Your output should be the lines below from the one with "Barryvox S2 Pro Light 280 Package" through the one with "Chanve - Chat Européen à adopter - photo 3", copied exactly, pictures excluded.

● **Given information**:
___
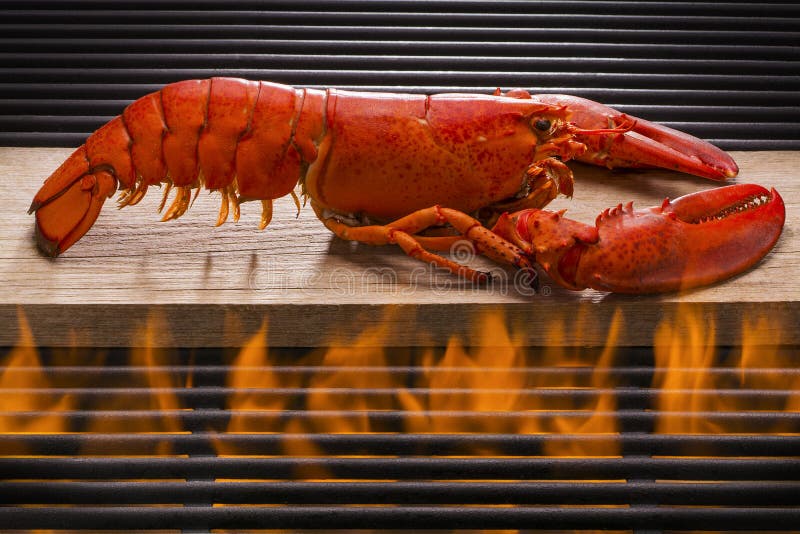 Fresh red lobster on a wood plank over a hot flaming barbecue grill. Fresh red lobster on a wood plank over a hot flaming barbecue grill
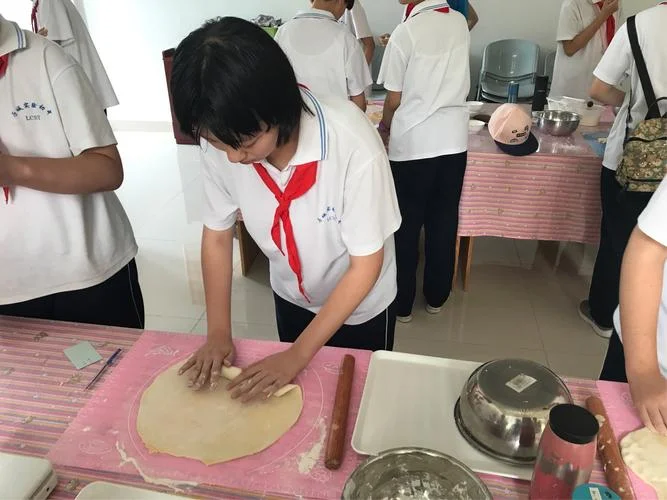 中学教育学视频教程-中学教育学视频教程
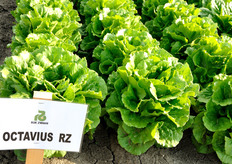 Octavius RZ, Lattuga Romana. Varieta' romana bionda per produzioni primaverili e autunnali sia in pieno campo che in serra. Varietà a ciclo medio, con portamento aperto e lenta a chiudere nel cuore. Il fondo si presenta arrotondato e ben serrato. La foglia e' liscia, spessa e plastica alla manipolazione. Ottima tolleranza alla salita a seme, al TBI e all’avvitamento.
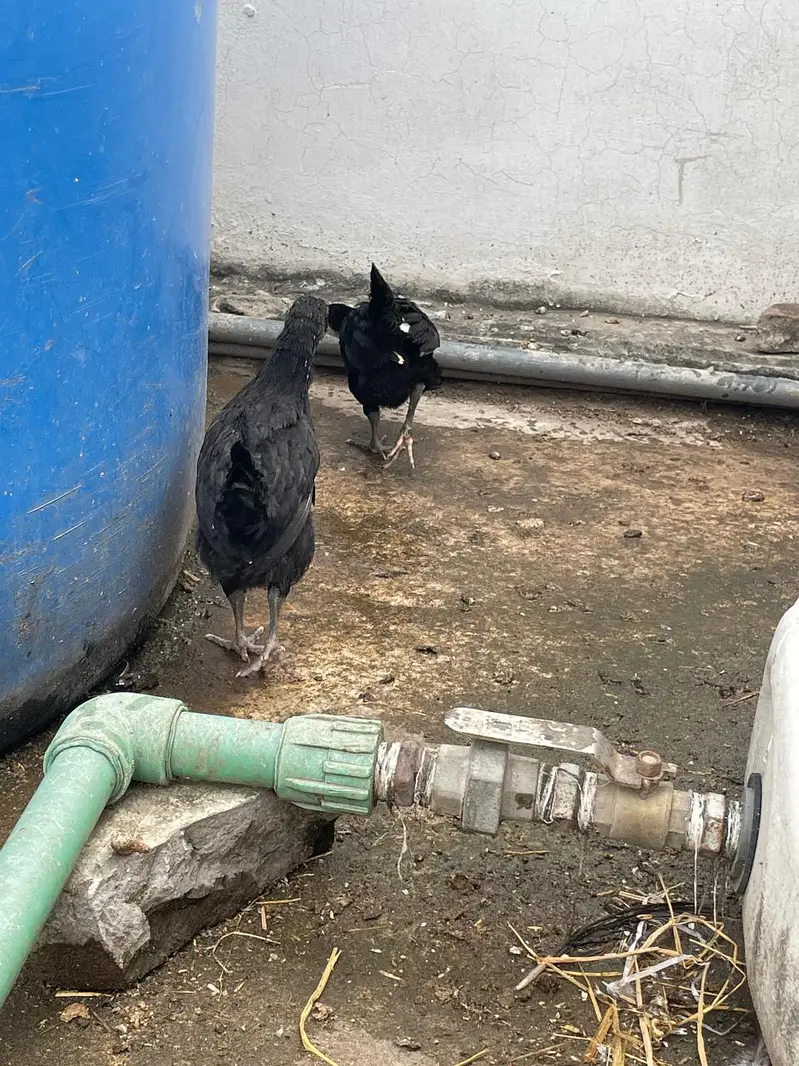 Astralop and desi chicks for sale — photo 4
___
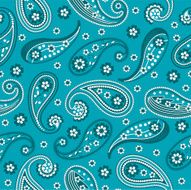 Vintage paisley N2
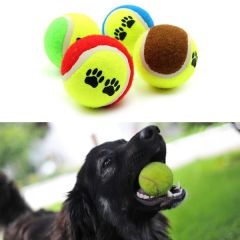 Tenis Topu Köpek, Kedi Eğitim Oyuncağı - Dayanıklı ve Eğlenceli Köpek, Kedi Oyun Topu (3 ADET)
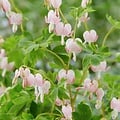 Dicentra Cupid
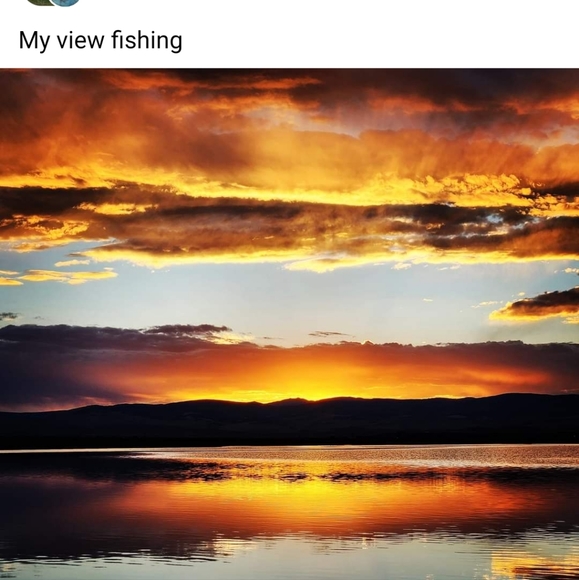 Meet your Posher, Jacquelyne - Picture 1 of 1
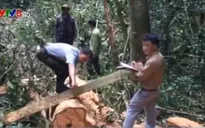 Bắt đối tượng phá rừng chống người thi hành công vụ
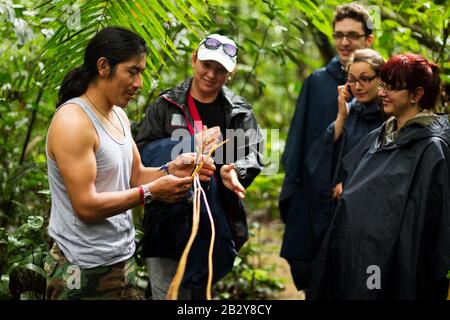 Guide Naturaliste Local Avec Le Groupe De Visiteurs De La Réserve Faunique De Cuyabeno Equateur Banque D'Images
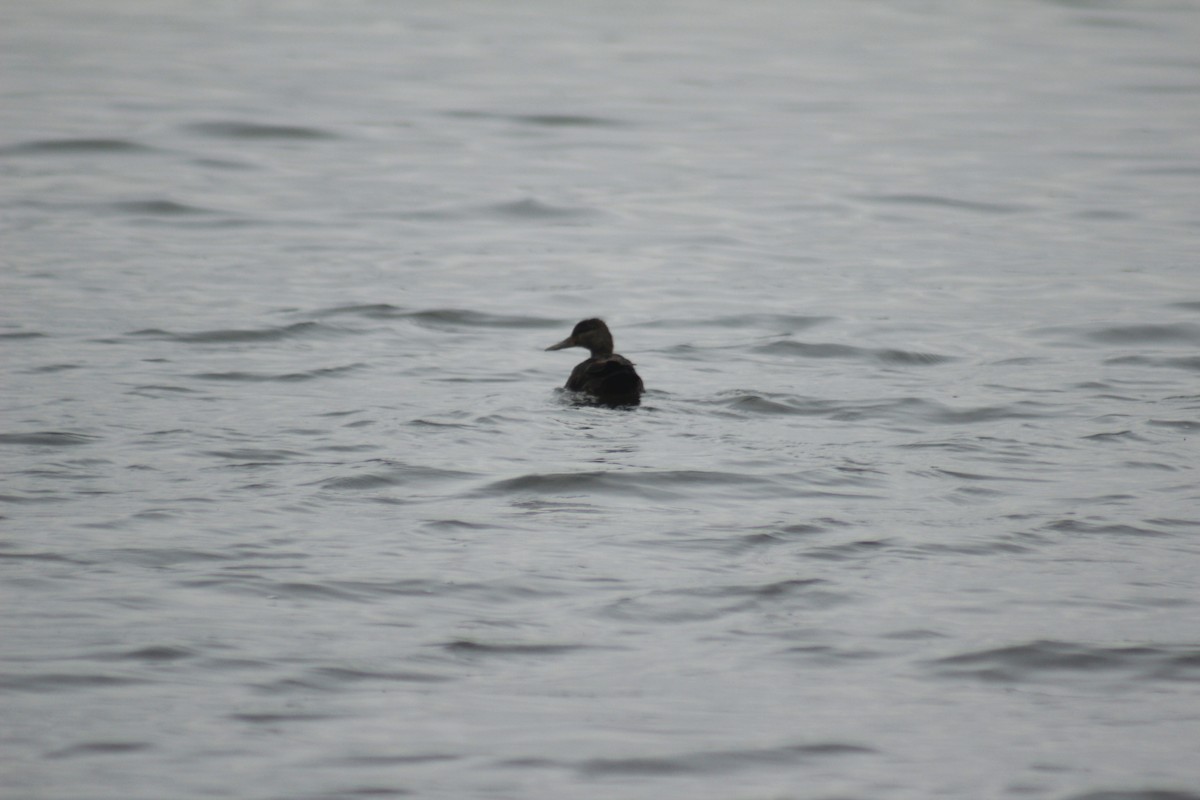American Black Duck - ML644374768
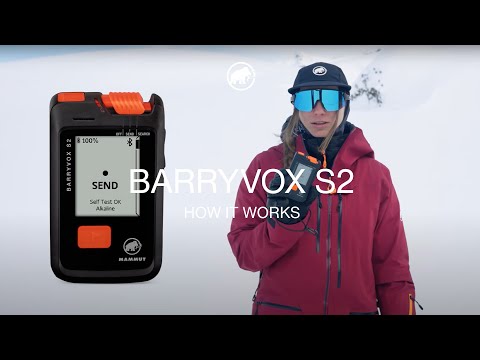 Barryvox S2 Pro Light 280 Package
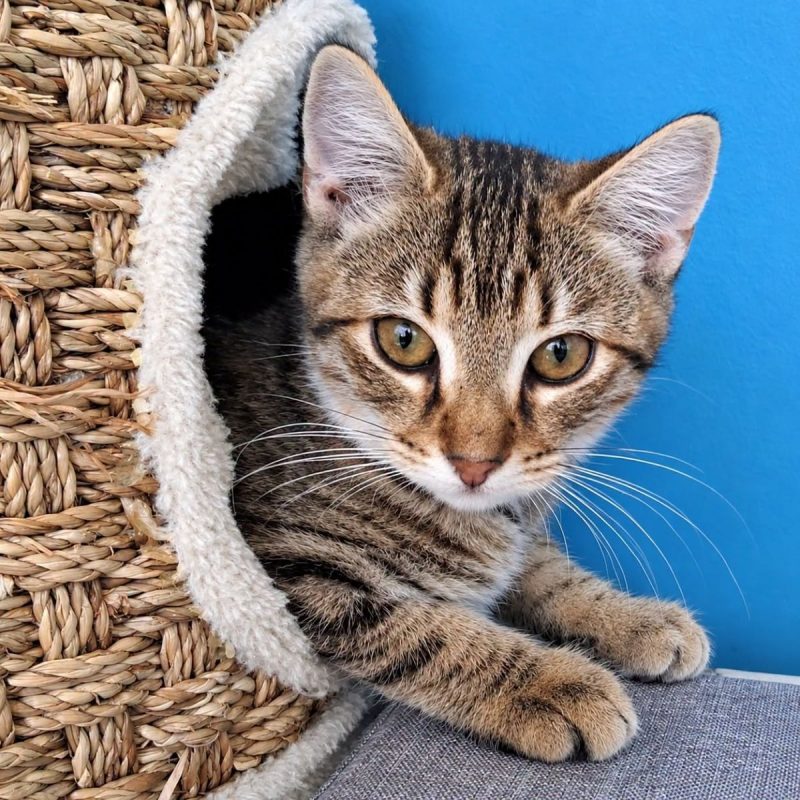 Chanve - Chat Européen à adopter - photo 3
___
● **Exercise result**:
 Barryvox S2 Pro Light 280 Package
 Chanve - Chat Européen à adopter - photo 3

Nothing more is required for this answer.